La somme collectée grâce aux dons de chacun servira à la création de chemins d’accès stabilisés aux différentes pâtures, ainsi qu’à la mise en place d’abreuvoirs. Elle permettra ensuite de financer des clôtures le long des chemins ou encore d’installer des haies.
Le montant global nécessaire pour le projet est estimé à 15 000 euros. “Notre laiterie Danone participe à hauteur de 7 500 euros”, précisent les éleveurs. En ce qui concerne la cagnotte en ligne, un premier palier, permettant d’atteindre 2 500 euros, est ouvert jusqu’au 4 mai. Deux autres paliers à 2 500 euros chacun viendront compléter le tout.
L’objectif, à terme, est de diminuer l’empreinte carbone de l’exploitation. Le calcul a été fait : celle-ci est estimée à 0,95 kg équivalent CO2/litres (kg eq. CO2/l) de lait produit. La famille Bachelet souhaite se rapprocher de 0,84 kg eq. CO2/l de lait produits (d’après le Cniel, l’empreinte carbone moyenne du lait en France est de 0,90 kg eq. CO2/l).
Marie-Noëlle et Vincent n’en sont pas à leur coup d’essai en matière de pratiques environnementales. Créé en 1998, l’EARL du moulin de Renty n’a eu de cesse d’évoluer. “On est toujours à l’affût, on essaye de voir comment faire pour améliorer les choses, souligne Vincent. On a toujours recherché la qualité du lait et la qualité de l’eau est aussi très importante à nos yeux.”
En 2004, les exploitants s’engagent en effet dans un Contrat d’agriculture durable : “Nous avons planté 700 mètres de haies et de fascines. Nous avons commencé à couvrir les sols en période hivernale par des couverts végétaux, pour maintenir la vie du sol.”
L’année suivante, ils mettent en place le semis direct. En 2006, ils entrent officiellement dans la démarche “Agriculture raisonnée”. “Nous avons mis en place des bandes enherbées dans nos parcelles longées par la rivière. À suivi l’instauration d’un tri des déchets pour un recyclage dans des filières adaptées”, détaillent-ils.
En 2009, un plan végétal environnemental est créé : des arbres fruitiers et d’ornement sont plantés, et une cuve de 15 m3 de récupération des eaux pluviales est installée.
L’année d’après, leurs efforts sont récompensés : la ferme Au moulin des sources est sélectionnée pour faire partie des agriculteurs dont la photo est apposée sur les produits Danone. Pour eux, c’est une grande fierté.
Car malgré les apparences de long fleuve tranquille, leur histoire est entrecoupée de véritables coups durs. Deux incendies ravagent le corps de ferme puis la maison, en 2010 et 2013. “Mais il faut toujours rebondir”, insiste Vincent.

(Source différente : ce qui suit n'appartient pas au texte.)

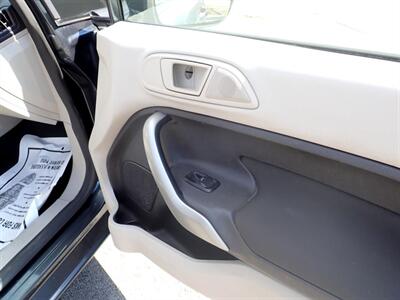 2011 Ford Fiesta SE   - Photo 21 - Uniontown, PA 15401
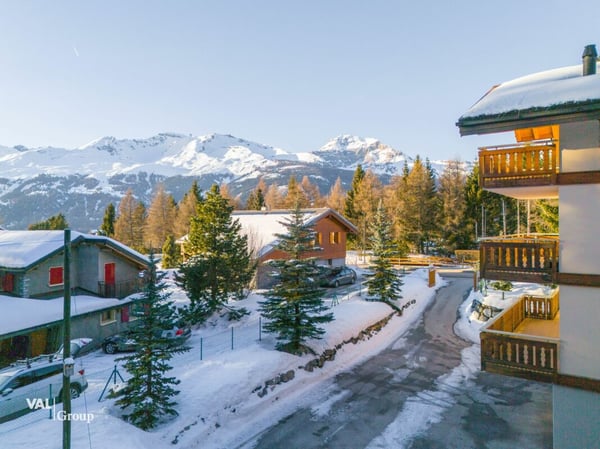 Résidence de 3 généreux logements 1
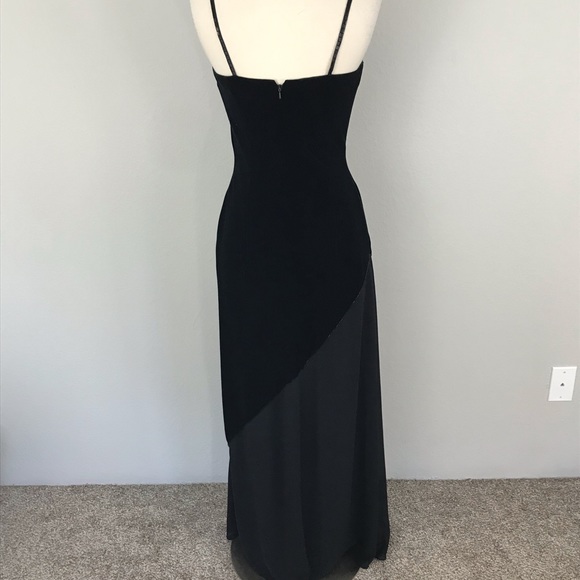 Rimini 6 Black Velvet Chiffon Dress Gown Beaded - Picture 8 of 8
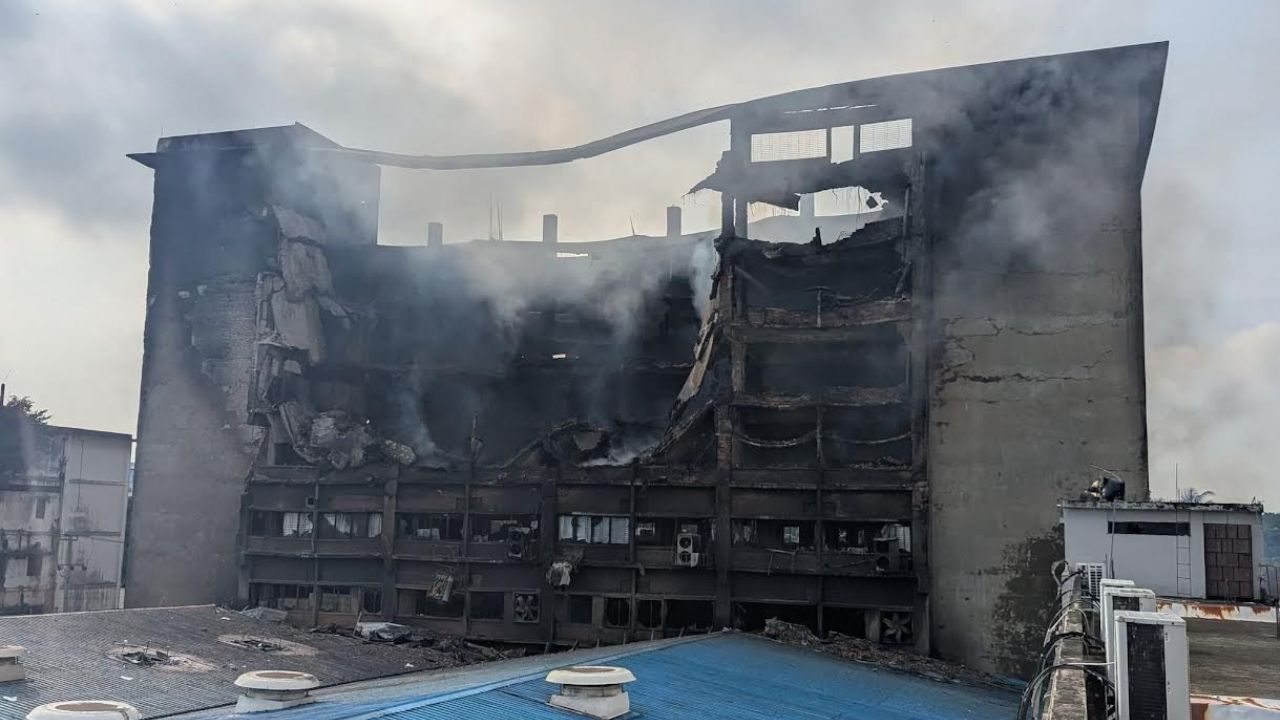 চট্টগ্রাম ইপিজেডে আগুন লাগা ভবনটির অগ্নিনিরাপত্তা সনদই ছিল না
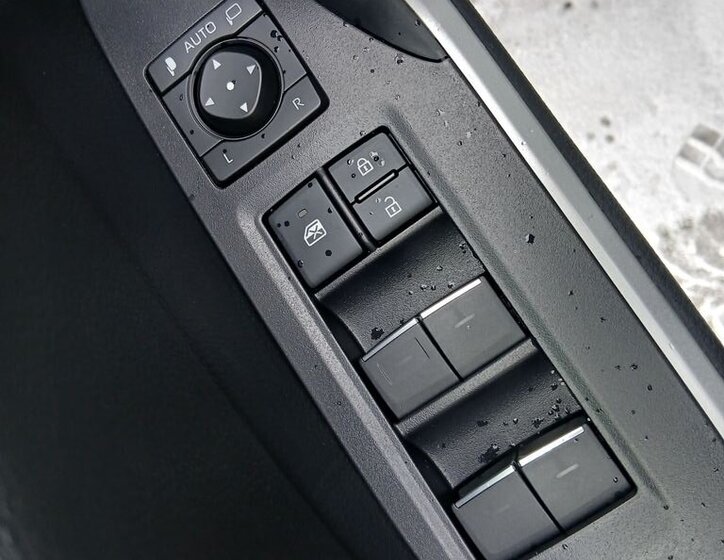 Toyota RAV4 SUV 2,5 l 131 kw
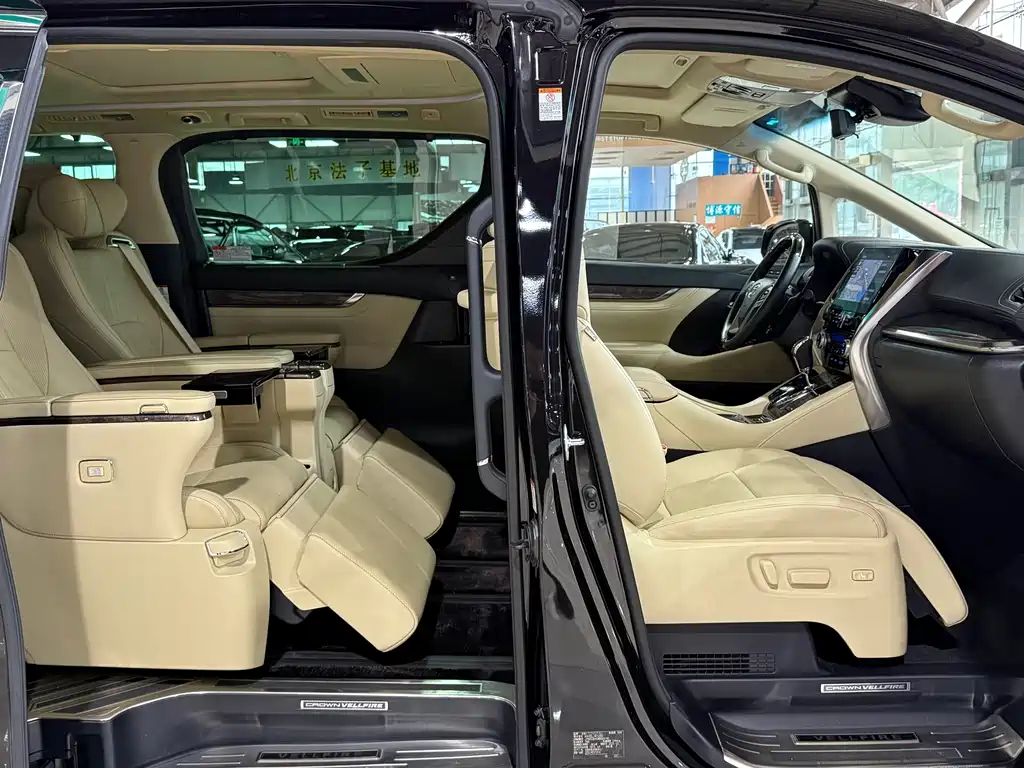Toyota Vellfire 2022 — фото 11
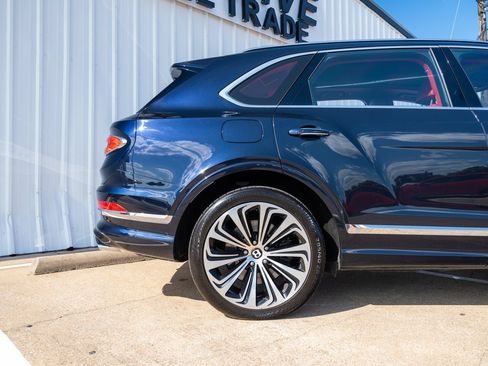 Used 2021 Bentley Bentayga AWD/4WD image 67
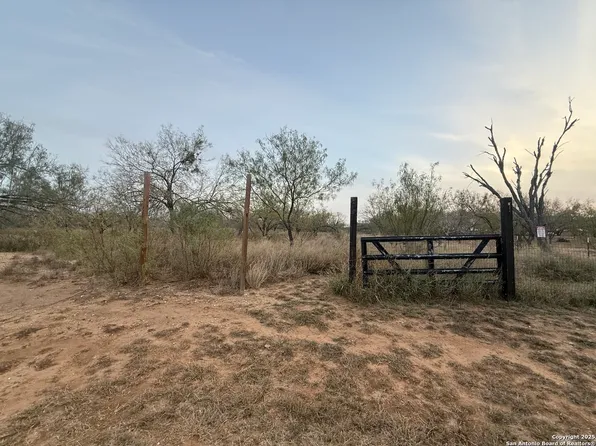 113 CR 2672 LOT 326, Devine, TX 78016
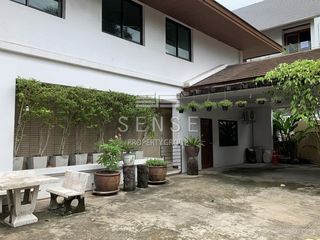 Haus zum Kauf mit 5 Zimmer in Watthana, Bangkok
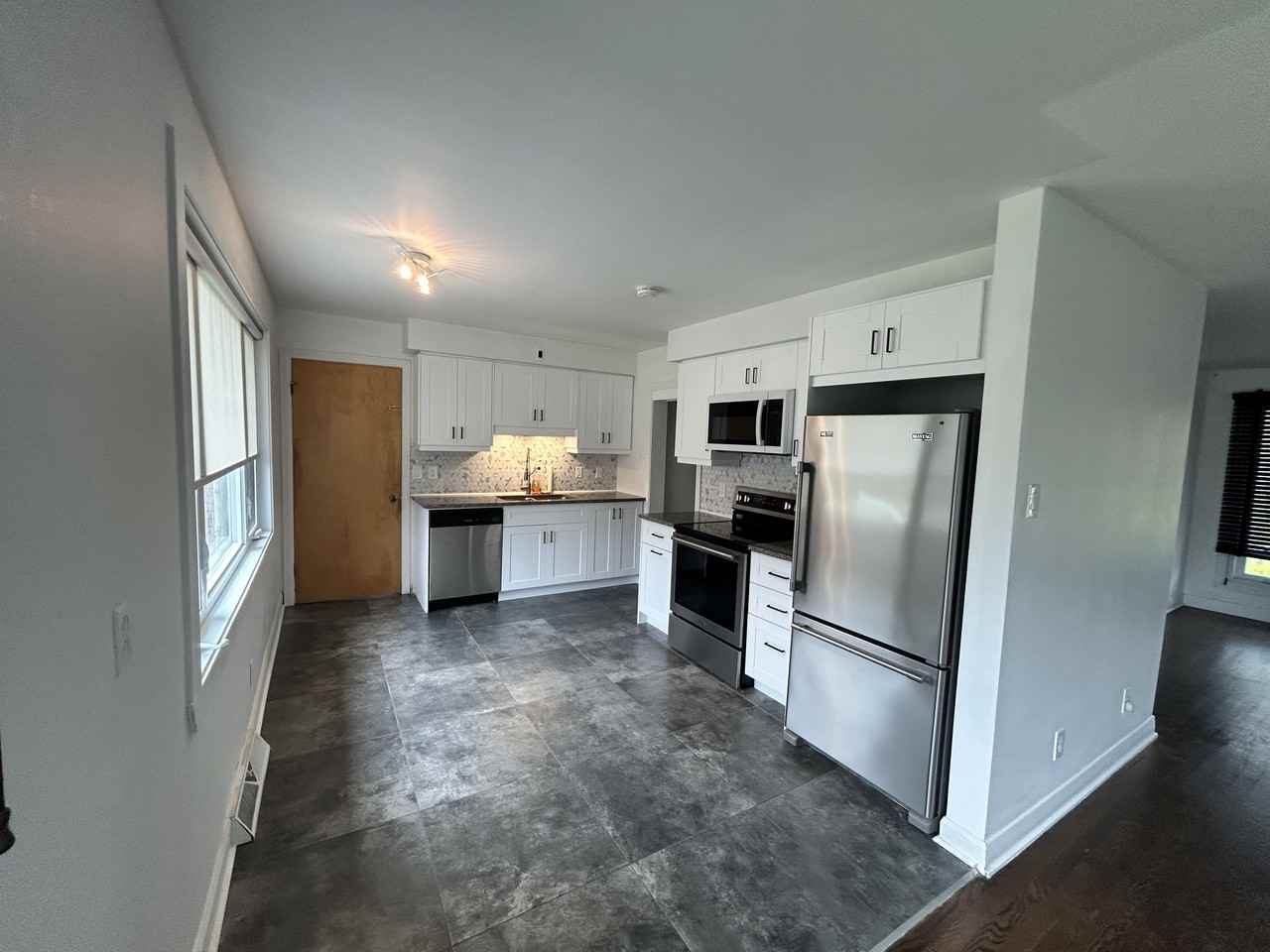 13242 Rue Sauriol - Photo 3 of 23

Alors les initiatives se poursuivent. En 2018, grâce à un partenariat avec Enerlya, maison des énergies renouvelables, les agriculteurs plantent une haie citoyenne avec des enfants et des familles de la région. L’accueil pédagogique à la ferme est d’ailleurs une de leurs activités. Même si en ces temps de pandémie et de confinement, les anniversaires et autres visites d’exploitation sont bien sûr suspendus.
L’énergie verte est aussi au cœur des préoccupations de la famille. En 2019, ils installent en effet 250 m2 de panneaux photovoltaïque. Et désormais, leur fils Léandre a le projet d’installer une unité de méthanisation sur l’exploitation. Le permis de construire est déposé ! Si les travaux devaient commencer à l’automne, ils seront sûrement repoussés en raison du contexte de crise actuel.
Bref, notre famille d’éleveurs paraît bien insatiable et nous réservera probablement d’autres surprises. Avec un leitmotiv, citation d’Antoine de Saint-Exupéry affichée dans la description de leur projet sur Miimosa, “Nous n’héritons pas de la terre de nos ancêtres, nous l’empruntons à nos enfants”.